Instituée en 1961 par le président John Fitzgerald Kennedy, "l’affirmative action" avait amené plusieurs universités sélectives à introduire des critères ethniques dans leur procédure d’admission. Des politiques de "discrimination positive", dont l’objectif avoué était d’augmenter la part d’étudiants noirs, hispaniques ou amérindiens au sein des universités américaines.

Égalité et mérite

Par voie de communiqué, l’organisation de défense des droits des Noirs américains a fustigé cette décision. « Dans une société encore marquée par les blessures des disparités raciales, la Cour suprême a fait preuve d’une ignorance délibérée de notre réalité », a fait savoir NAACP. Le président de la Chambre des représentants, Kevin McCarthy, a quant à lui salué cet arrêt. "Maintenant, les étudiants pourront rivaliser sur la base de critères égaux et du mérite individuel", a-t-il indiqué sur Twitter, ajoutant que cela « confirmera l’égalité devant la loi ».

L’administration Biden avait pourtant plaidé pour maintenant le statu quo, déclarant que "l’avenir [des États-Unis] dépend de [leur] capacité à avoir des leaders aux profils variés, capables de diriger une société de plus en plus diverse".

Une décision qui s’impose à toutes les universités

Cette décision s’imposera à toutes les universités qui pratiquent cette discrimination positive mise en place dans les années 60 en réaction à l’exclusion dont les noirs américains avaient souffert.

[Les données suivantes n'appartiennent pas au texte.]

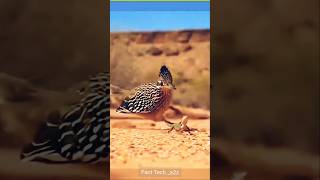 एक ऐसा पक्षी जो शिकारी को भी चकमा दे देता है #shorts #ytshorts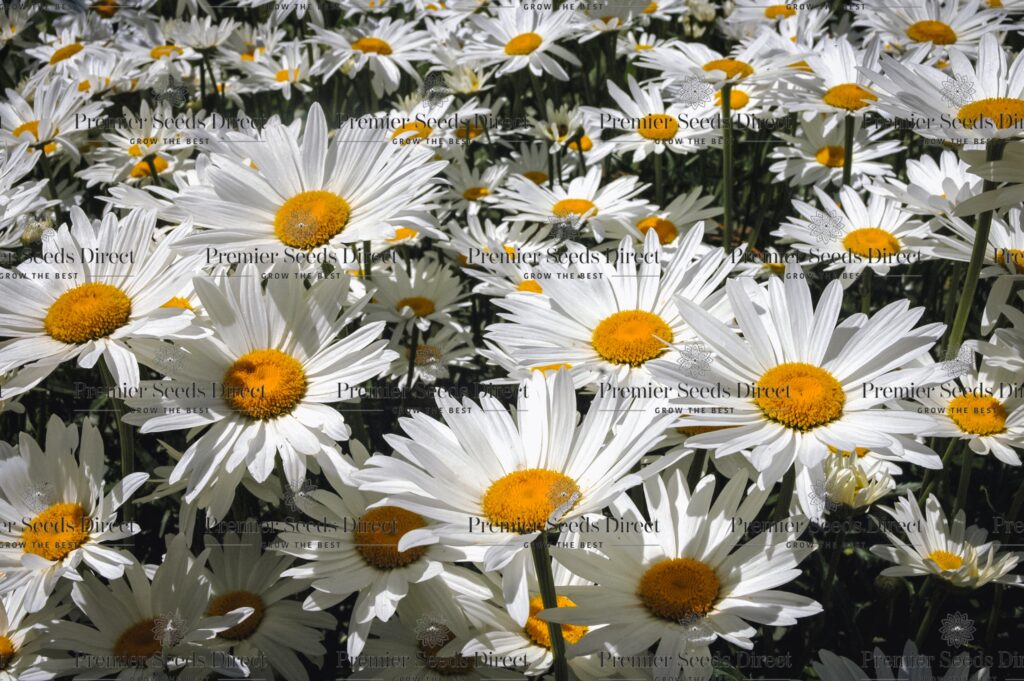 Chrysanthemum Maximum Shasta Daisy Flowers Premier Seeds Direct ltd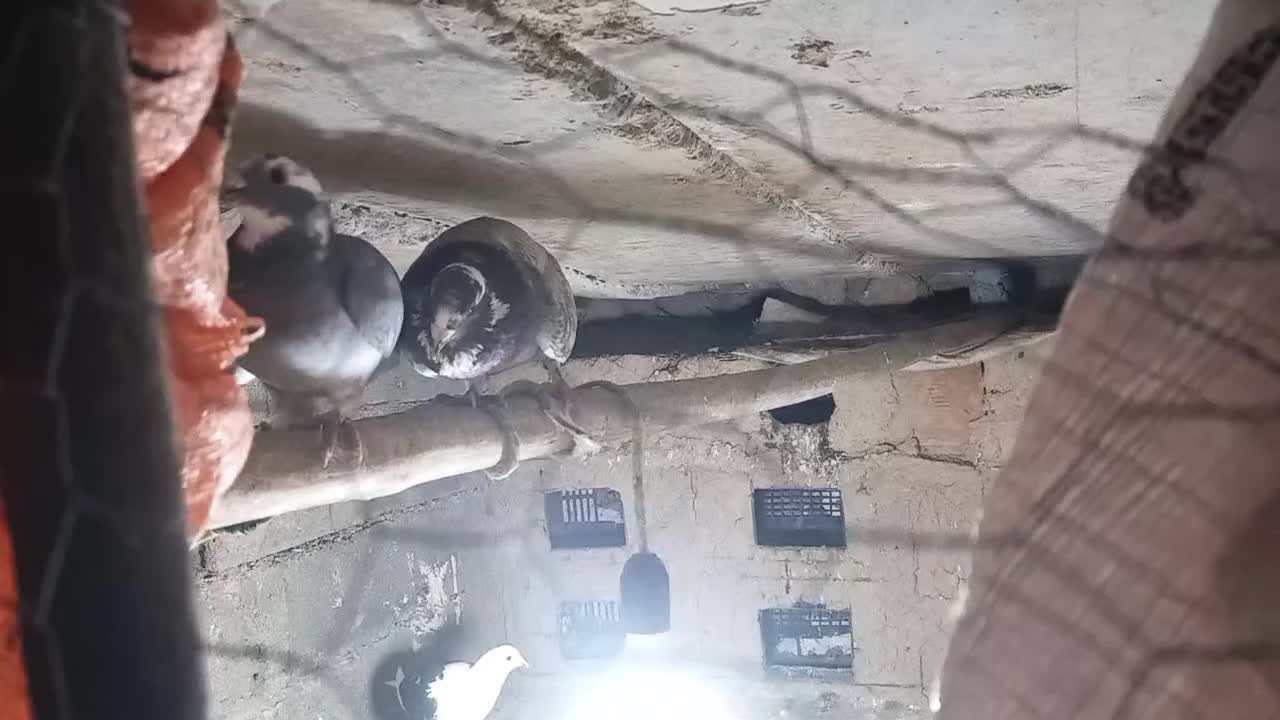 پرنده|پرنده|دوزین, |دیوار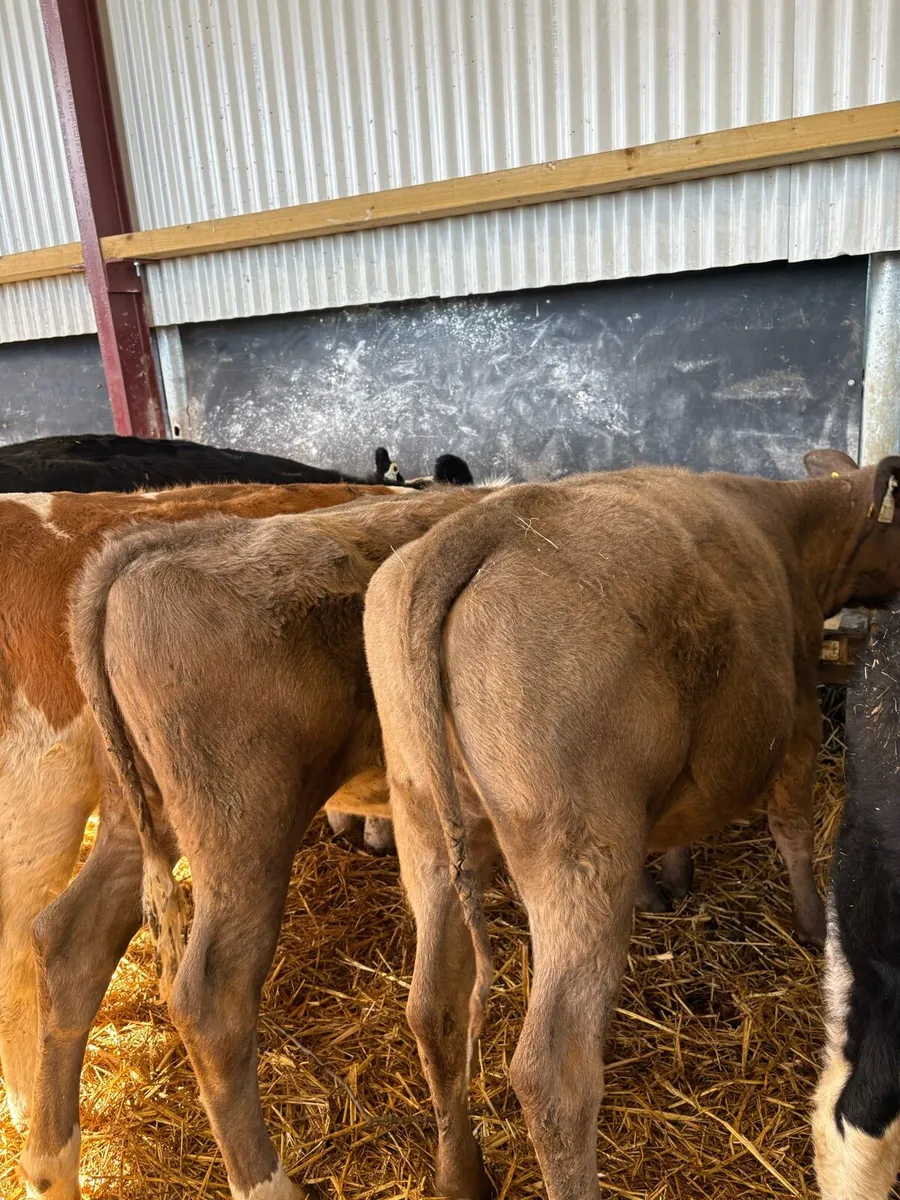 12 smashing heifer Weanlings for sale - Image 4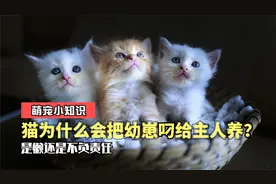 为何猫妈妈生产过后，把幼崽叼到主人面前，就不管小猫咪的死活了视频封面
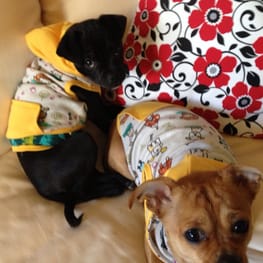 Princessmiyaさんの作品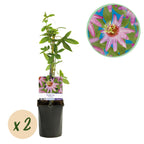 Passiflora Anastasia, kenmerkend blad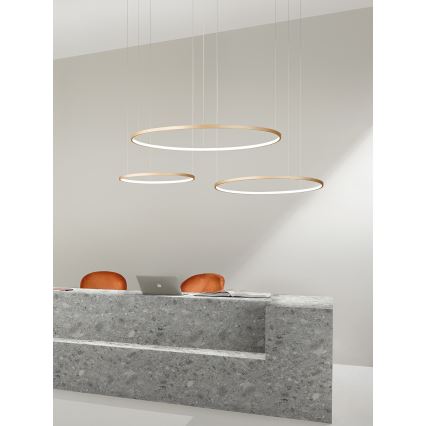 Ondaluce - himmennettävä LED-riippuvalaisin vaijerilla SOEL LED/28W/230V Ø 60 cm kultainen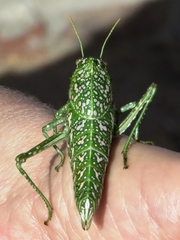 Physemacris variolosa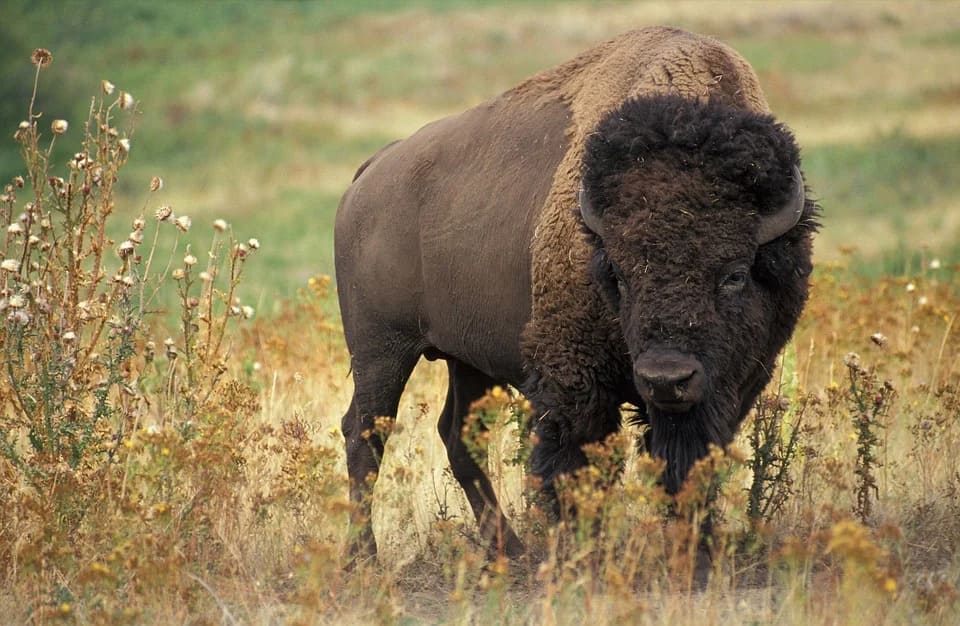 Rêver de bison: Quelles significations?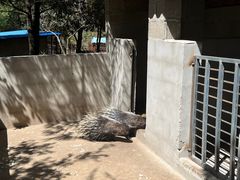 -猎鹰谷实弹射击俱乐部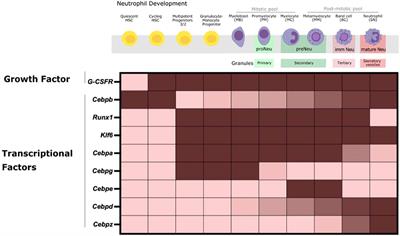 A metabolic perspective of the neutrophil life cycle: new avenues in immunometabolism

Ce n’est pas la première fois que la Cour suprême est amenée à se prononcer sur sa légalité. Dans de précédentes décisions, elle avait notamment interdit les quotas ainsi que les systèmes de points supplémentaires automatiques selon la race.

La cour avait expliqué, en 2013 puis en 2016, que les universités devaient chercher d’autres moyens de diversifier leurs promotions, c’est-à-dire neutres du point de vue racial. Mais pour peu que la race ne soit pas le seul critère de choix, la Cour suprême acceptait jusqu’à aujourd’hui la discrimination positive.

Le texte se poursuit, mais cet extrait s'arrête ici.